§ Assigned task:
Leave the pictures out, and transcribe the material below exactly from the line with "Collectors New old" to the line with "Bezsáčkový vysavač 800W", both lines included.

§ Provided entries:
□ □ □ □ □

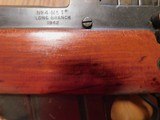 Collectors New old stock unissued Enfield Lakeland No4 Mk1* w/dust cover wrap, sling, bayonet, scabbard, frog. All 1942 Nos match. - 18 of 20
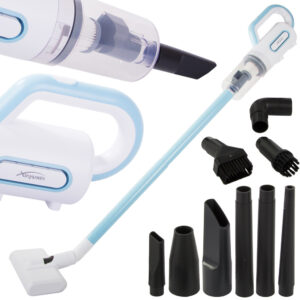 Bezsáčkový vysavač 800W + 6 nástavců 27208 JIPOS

□ □ □ □ □

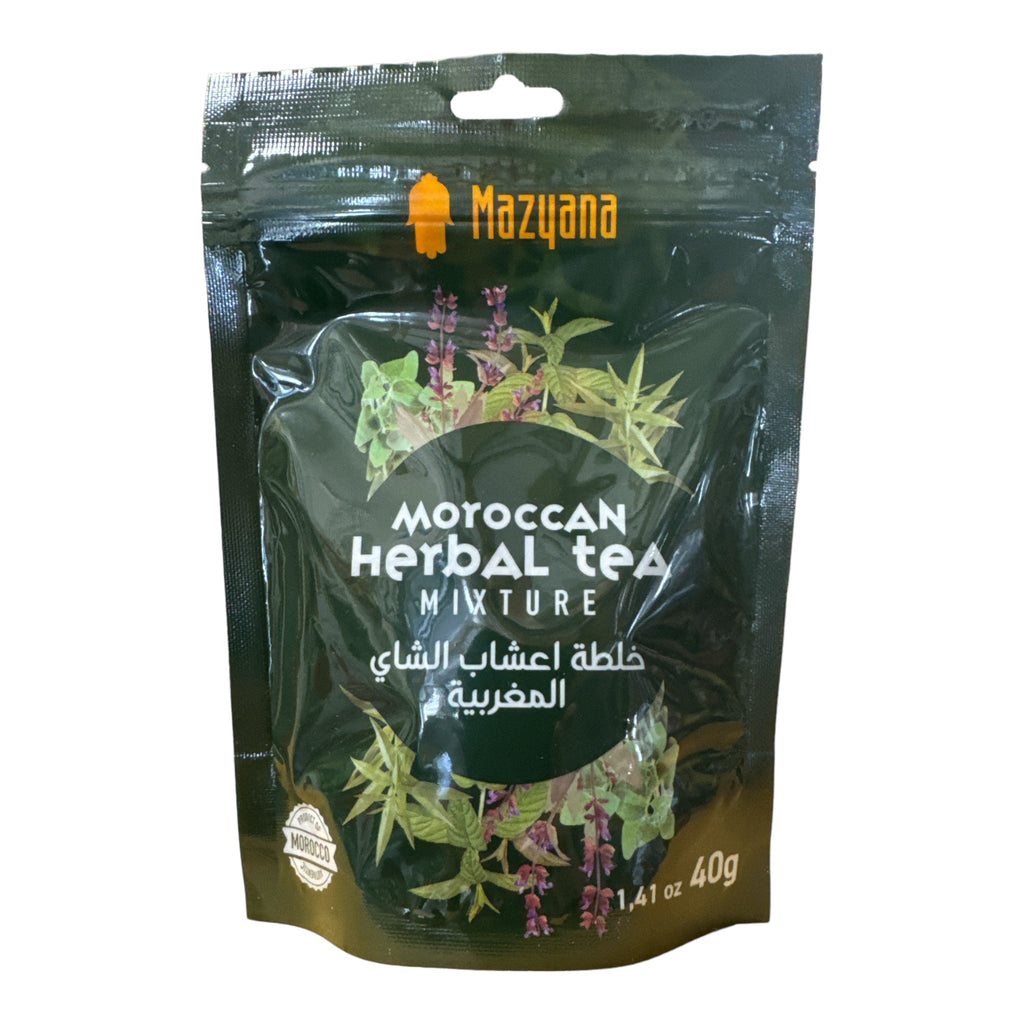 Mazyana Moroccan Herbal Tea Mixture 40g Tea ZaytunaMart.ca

□ □ □ □ □

§ Written response:
 Collectors New old stock unissued Enfield Lakeland No4 Mk1* w/dust cover wrap, sling, bayonet, scabbard, frog. All 1942 Nos match. - 18 of 20
 Bezsáčkový vysavač 800W + 6 nástavců 27208 JIPOS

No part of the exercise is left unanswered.